So today I had planned to spend the morning installing some new hardware at BitRelay: a server, a switch, and a backup disk array. It was all pretty innocuous, and I figured I’d be home a little after lunchtime to hang out with Laralee and Zaque and enjoy the Presidents’ Day holiday.
Well, I forgot to bring the disk array with me, which meant I had to make another trip and basically spend three hours in the car (it’s a 45-minute drive each way to the datacenter).
And when I installed the new switch, for reasons unknown to me, my entire network stack went down. That meant all of the servers were running but couldn’t be reached from the internet, so for about 15 minutes a whole bunch of clients were calling and emailing me and my team asking why their web sites were down. Meanwhile, I was frantically plugging and unplugging things, hoping that I could fix whatever had happened and get everything running again. In the end, I really don’t know what happened because rebooting the network stack twice seemed to resolve it. Ugh.

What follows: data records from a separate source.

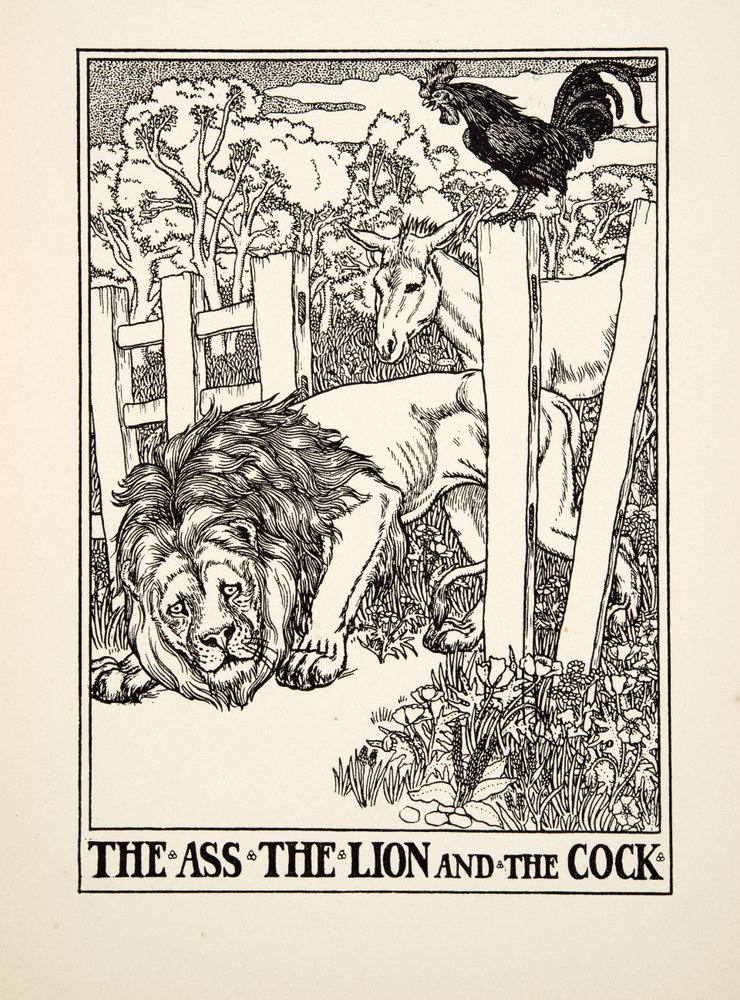 The Ass, the Lion and the Cock, from A Hundred Fables of Aesop by Percy J. Billingshurst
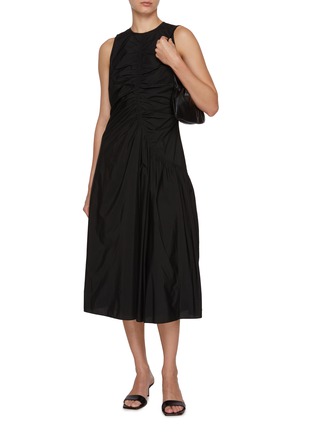 Figure View - Click To Enlarge - THEORY - Ruched Tank Midi Dress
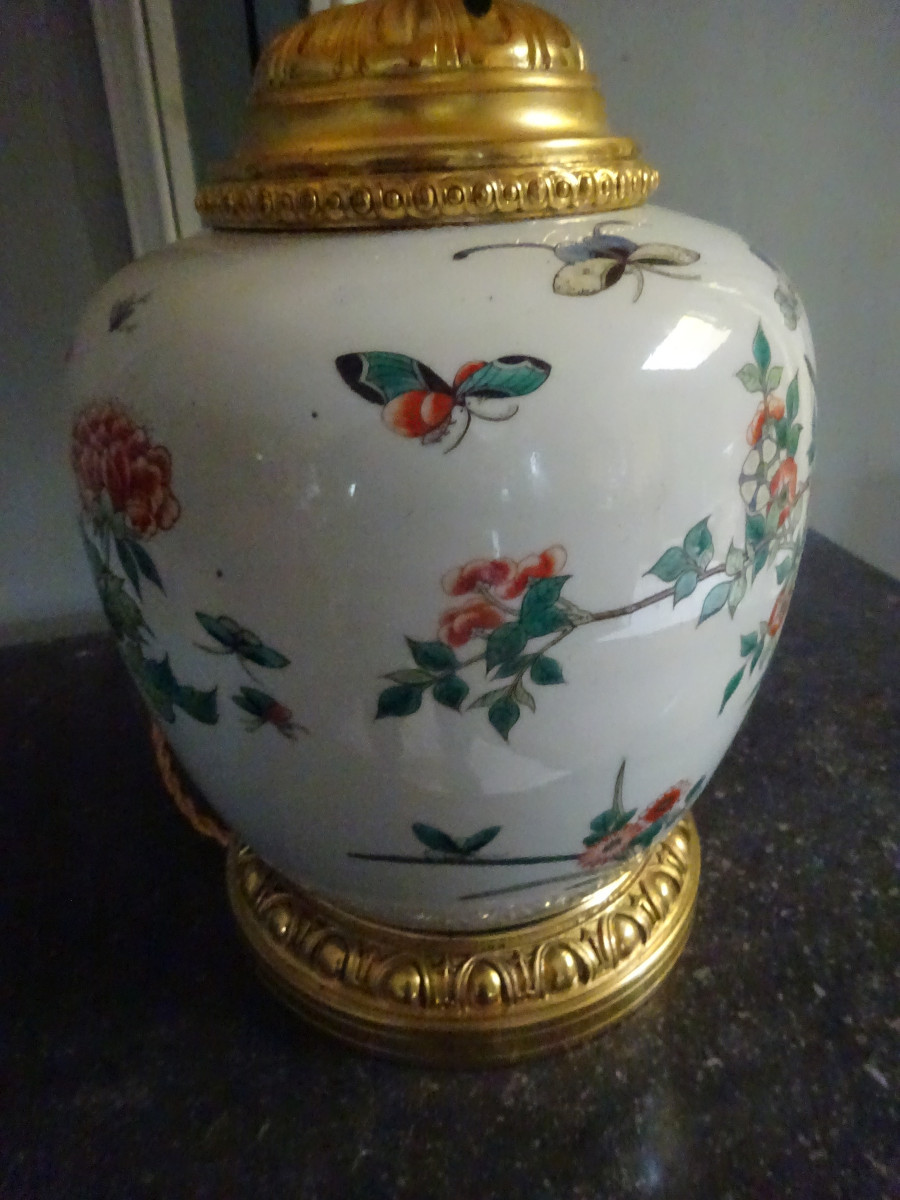 Vase Chine genre famille verte monté en lampe-photo-3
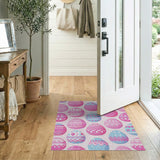 Playful Pink Blue Easter Eggs Area Rug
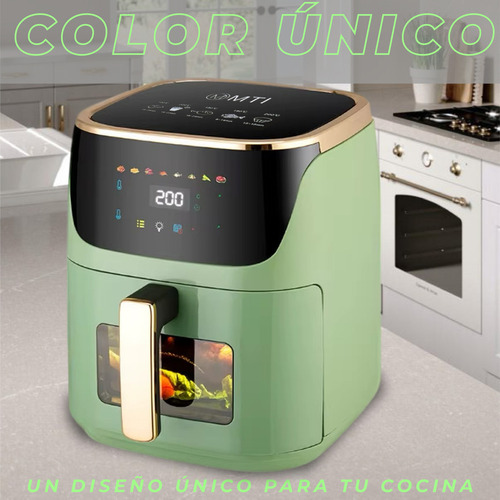 Freidora De Aire 8 Litros Verde Sin Aceite Airfryer 1800w Color Verde Musgo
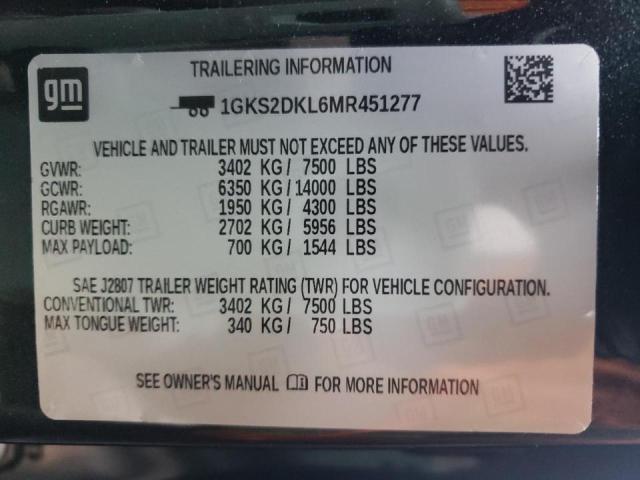 1GKS2DKL6MR451277 Gmc Yukon Dena 2021. Фото: 9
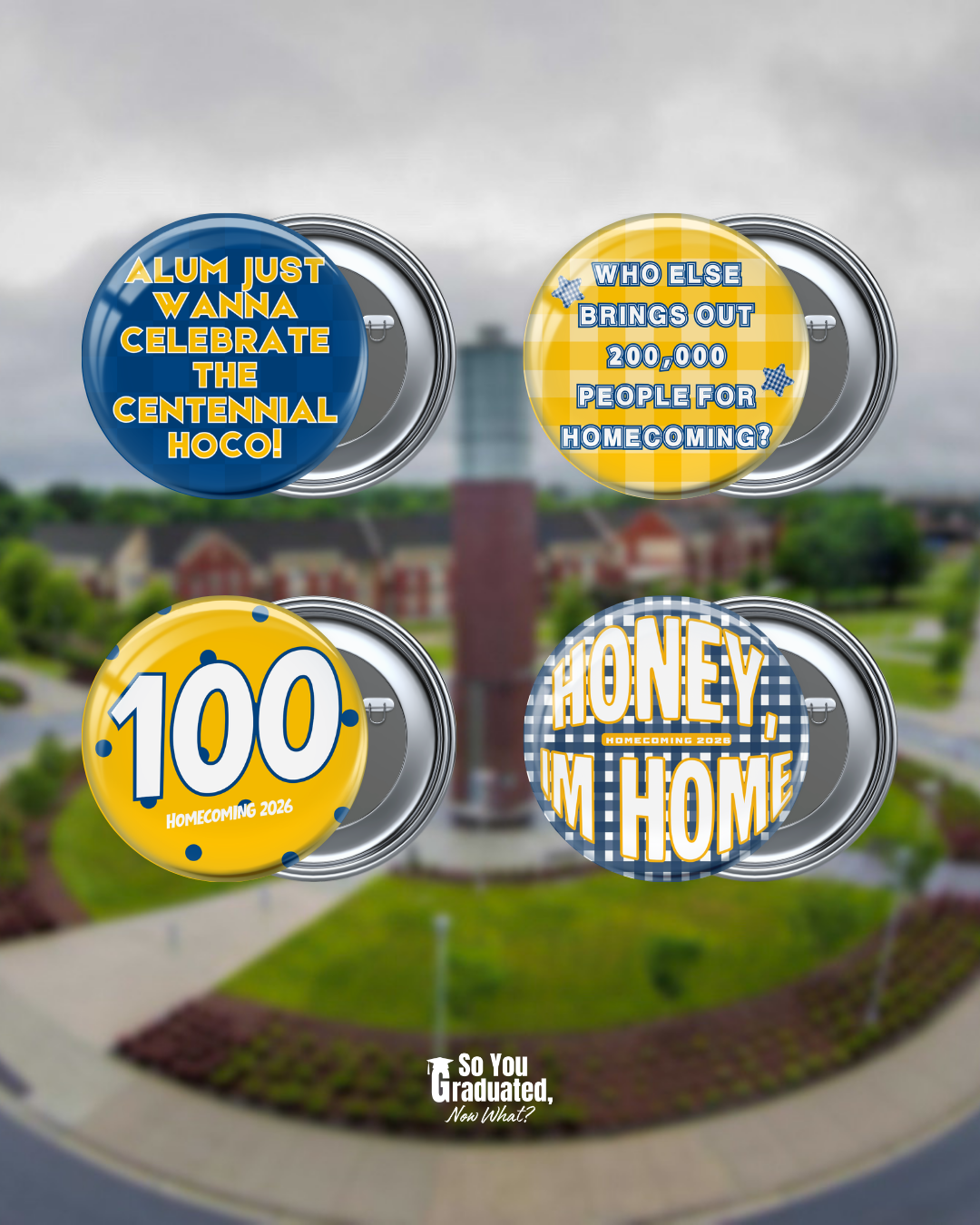 Blue and Yellow Game Day Buttons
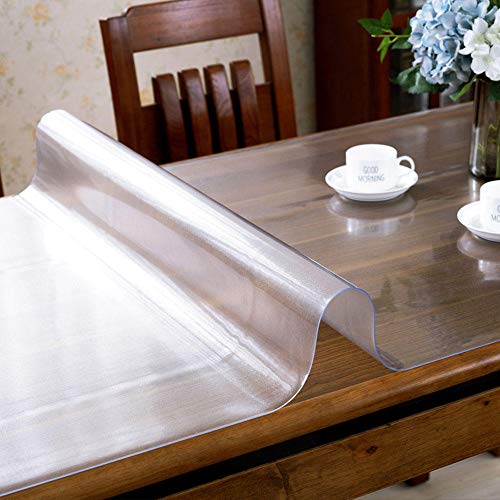 AKSHOME Mantel Desechable Resistente al Agua a Prueba de Aceite PVC Vidrio Suave Grueso de 1.5mm Hogar Nórdico Mantel Tapete de Mesa de Café Transparente 1.5mm 90X160cm（35.4X62.9inches）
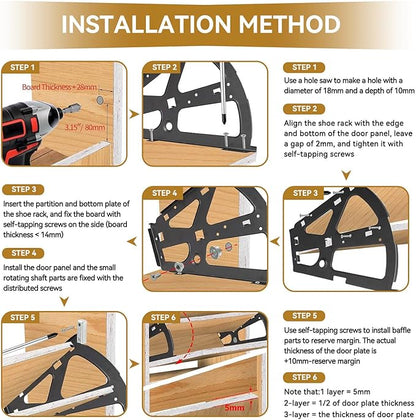 Shoe Cabinet Hinges, 2 Layers Shoes Drawer Cabinet Hinges Flip Frames Turning Rack Replacement Cabinet Flip Frame Shoe Cabinet Hardware Plastic Replacement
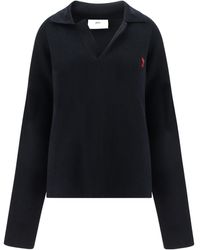 Ami Paris - Ami De Coeur Long-Sleeved Knitted Jumper - Lyst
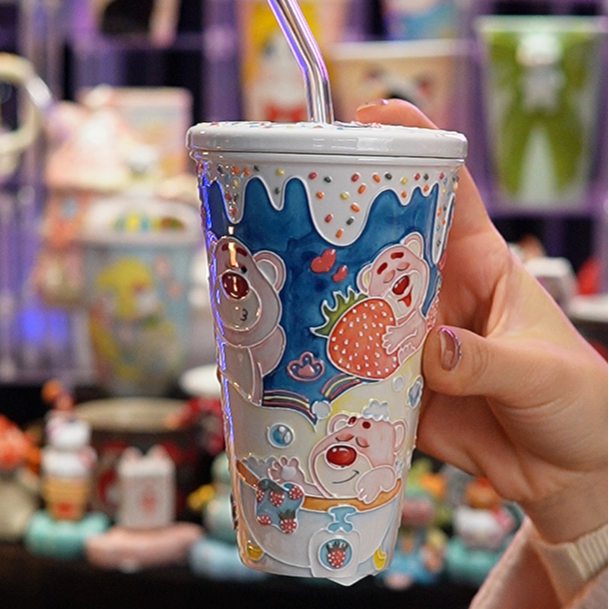 设计师款  壹one老师 114-3 陶瓷带盖杯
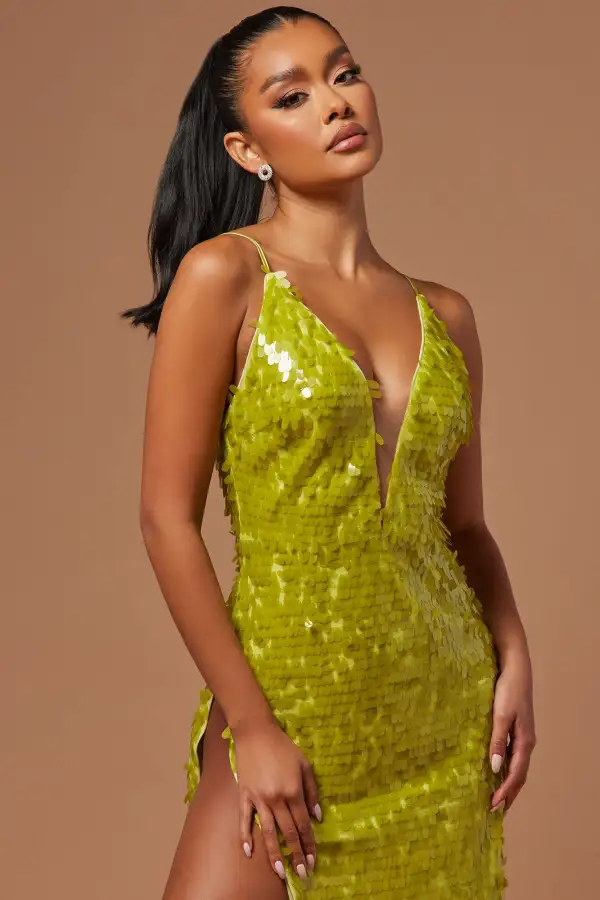 Fiona Sequin Midi Dress - Chartreuse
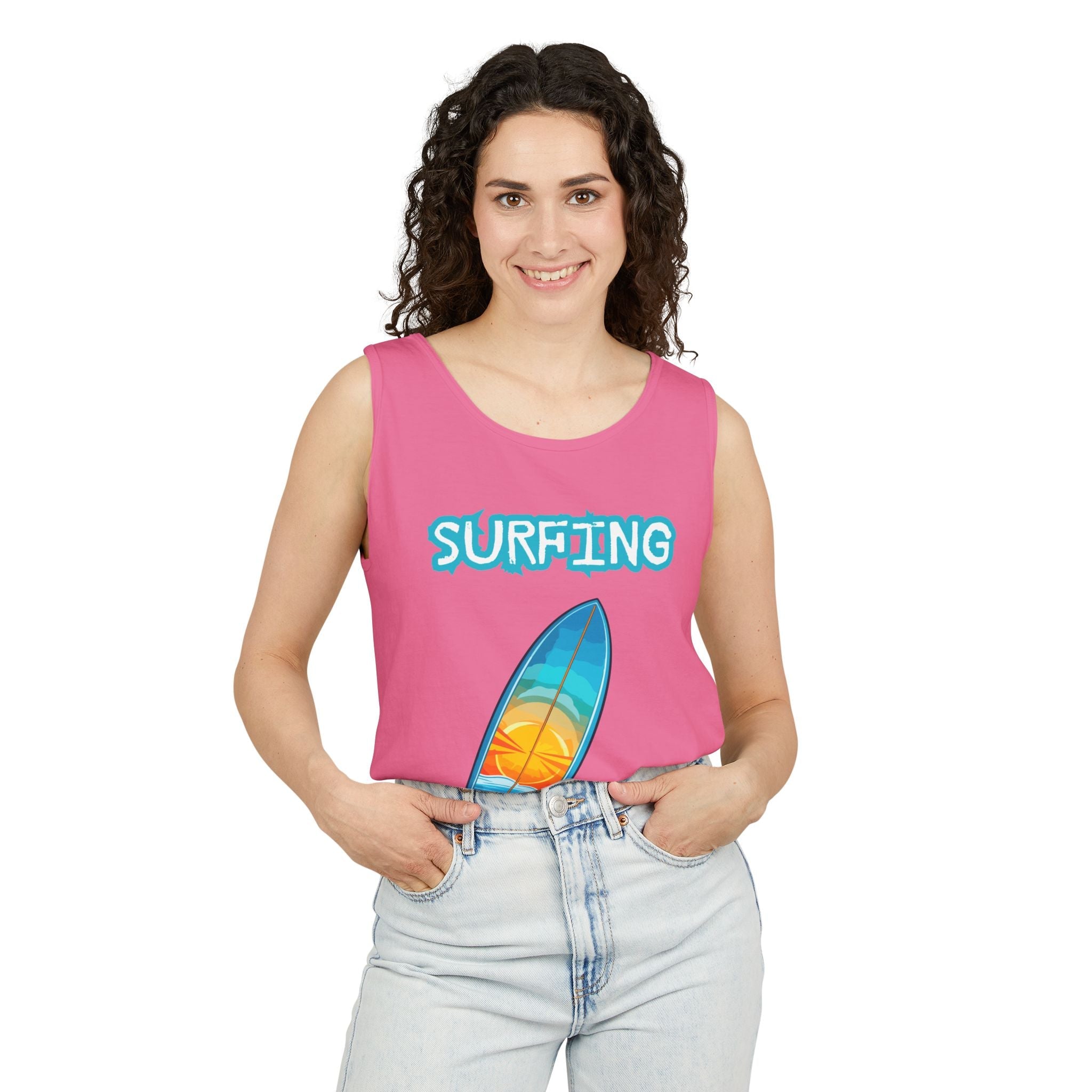 Surfing Tank Top Sunset Surfboard Beach Tank for Surfers & Summer Lovers - Etna Gift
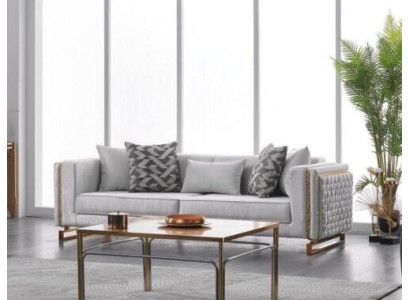 Däisitzer Sofa 3 Sëtzer Couch 245cm Miwwel Polster Sofas Textil Stoff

By the time I was finished it was evening, and then I had to write an explanation (and apology) to my clients so they understood what had happened and how I’d keep it from happening again. That’s never a good conversation to have.
In a little ray of sunshine, one of my clients responded with this:
Nice. That helped to remind me that despite my feeling that it had been a disaster of epic proportions, in the grand scheme of things, 15 minutes of downtime isn’t really all that big a deal.